Specifying an InfoSphere DataStage ustring character set

The InfoSphere® DataStage® Teradata interface operators perform character set conversions between the Teradata database characters sets and the multi-byte Unicode ustring field type data.

You use the -db_cs option of the Teradata interface operators to specify a ICU character set for mapping strings between the database and the Teradata operators. The default value is Latin1.

Its syntax is:


teraread | terawrite -db_cs icu_character_set

For example:


terawrite -db_cs ISO-8859-5

Your database character set specification controls the following conversions:

  • SQL statements are mapped to your specified character set before they are sent to the database via the native Teradata APIs.
  • If you do not want your SQL statements converted to this character set, set the APT_TERA_NO_SQL_CONVERSION environment variable. This variable forces the SQL statements to be converted to Latin1 instead of the character set specified by the -db_cs option.
  • All char and varchar data read from the Teradata database is mapped from your specified character set to the ustring schema data type (UTF-16).
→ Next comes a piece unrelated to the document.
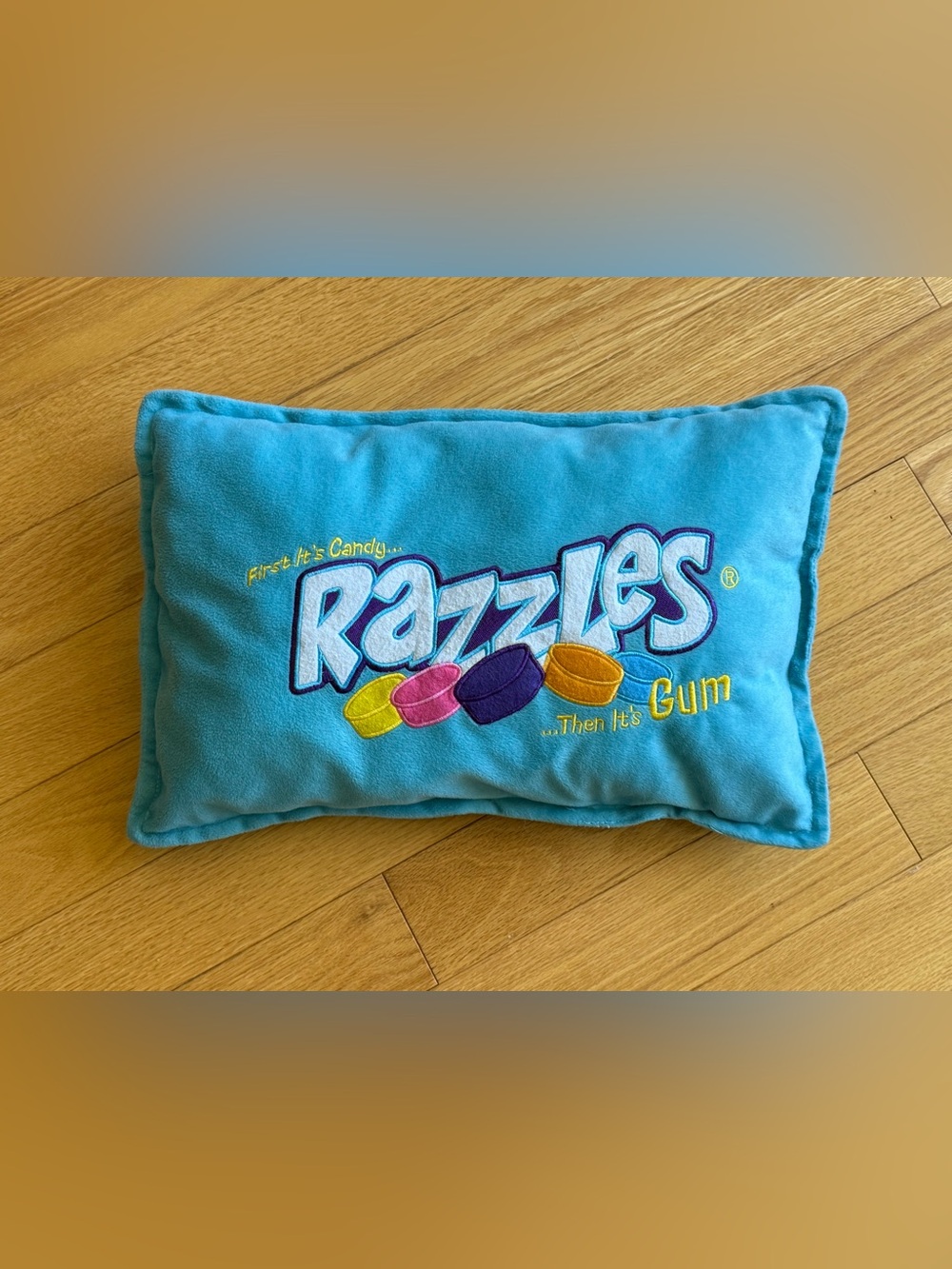 Razzles candy gum turquoise, pillow 12x16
If you do not specify the -db_cs option, string data is read into a string schema type without conversion.
  • The teraread operator converts a varchar(n) field to ustring[n/min], where min is the minimum size in bytes of the largest codepoint for the character set specified by -db_cs.
  • ustring schema type data written to a char or varchar column in the Teradata database is converted to your specified character set.
  • When writing a varchar(n) field, the terawrite operator schema type is ustring[n * max] where max is the maximum size in bytes of the largest codepoint for the character set specified by -db_cs.

No other environment variables are required to use the Teradata operators. All the required libraries are in /usr/lib which should be on your PATH.

To speed up the start time of the load process slightly, you can set the APT_TERA_NO_PERM_CHECKS environment variable to bypass permission checking on several system tables that need to be readable during the load process.